### Recorded data:
»»

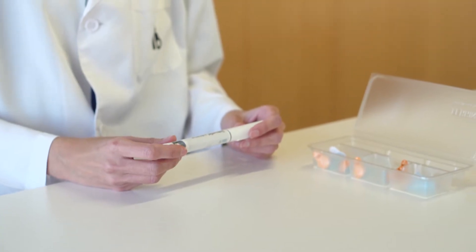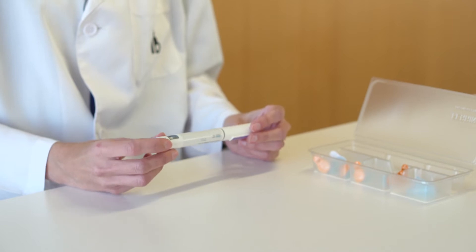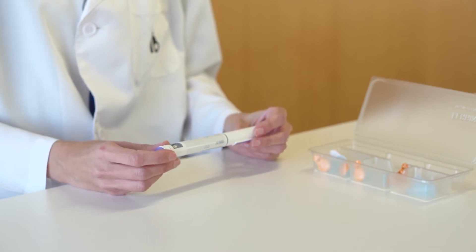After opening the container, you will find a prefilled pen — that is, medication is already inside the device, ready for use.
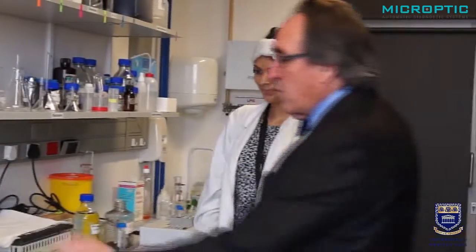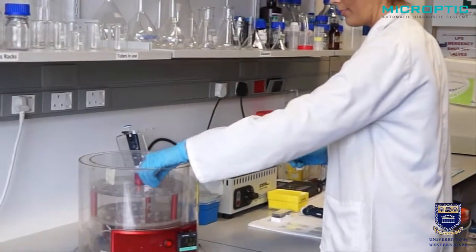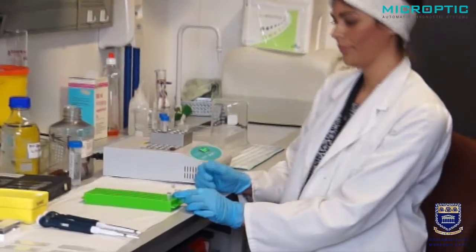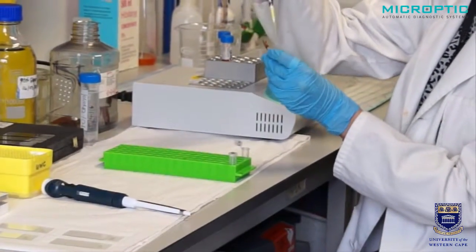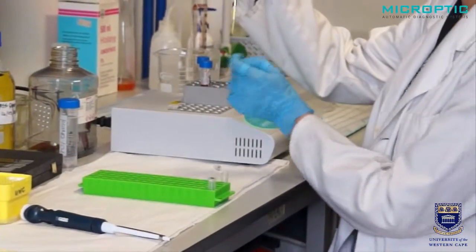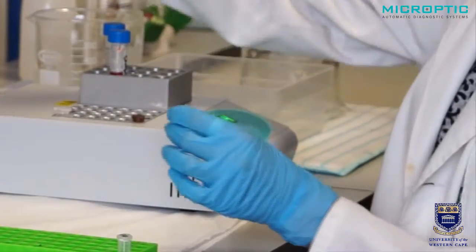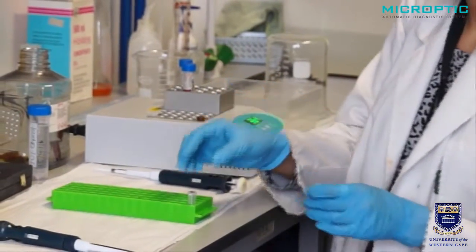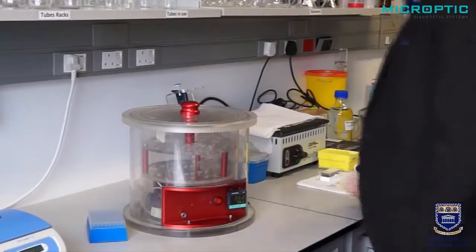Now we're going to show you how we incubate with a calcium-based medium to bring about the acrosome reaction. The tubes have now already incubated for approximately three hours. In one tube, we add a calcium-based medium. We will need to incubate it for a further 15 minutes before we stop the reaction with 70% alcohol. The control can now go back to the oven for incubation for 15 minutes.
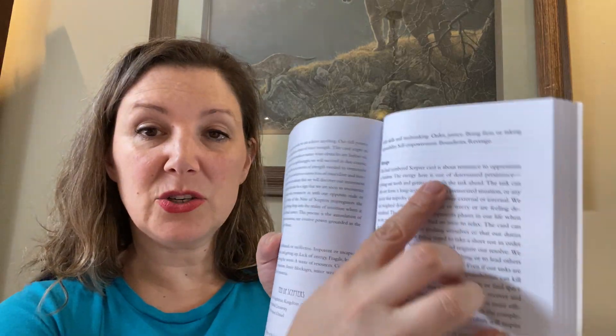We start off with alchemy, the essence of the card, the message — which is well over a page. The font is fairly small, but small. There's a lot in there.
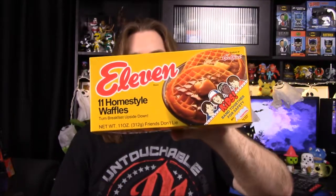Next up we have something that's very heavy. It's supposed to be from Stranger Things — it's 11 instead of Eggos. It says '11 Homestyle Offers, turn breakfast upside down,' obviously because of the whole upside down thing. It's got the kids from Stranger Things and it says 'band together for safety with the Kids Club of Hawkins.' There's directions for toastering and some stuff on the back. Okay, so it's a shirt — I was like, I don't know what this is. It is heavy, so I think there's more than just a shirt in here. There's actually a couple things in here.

««

The required output is every line of the data above, set down exactly and stripped of pictures.

After opening the container, you will find a prefilled pen — that is, medication is already inside the device, ready for use.
Now we're going to show you how we incubate with a calcium-based medium to bring about the acrosome reaction. The tubes have now already incubated for approximately three hours. In one tube, we add a calcium-based medium. We will need to incubate it for a further 15 minutes before we stop the reaction with 70% alcohol. The control can now go back to the oven for incubation for 15 minutes.
We start off with alchemy, the essence of the card, the message — which is well over a page. The font is fairly small, but small. There's a lot in there.
Next up we have something that's very heavy. It's supposed to be from Stranger Things — it's 11 instead of Eggos. It says '11 Homestyle Offers, turn breakfast upside down,' obviously because of the whole upside down thing. It's got the kids from Stranger Things and it says 'band together for safety with the Kids Club of Hawkins.' There's directions for toastering and some stuff on the back. Okay, so it's a shirt — I was like, I don't know what this is. It is heavy, so I think there's more than just a shirt in here. There's actually a couple things in here.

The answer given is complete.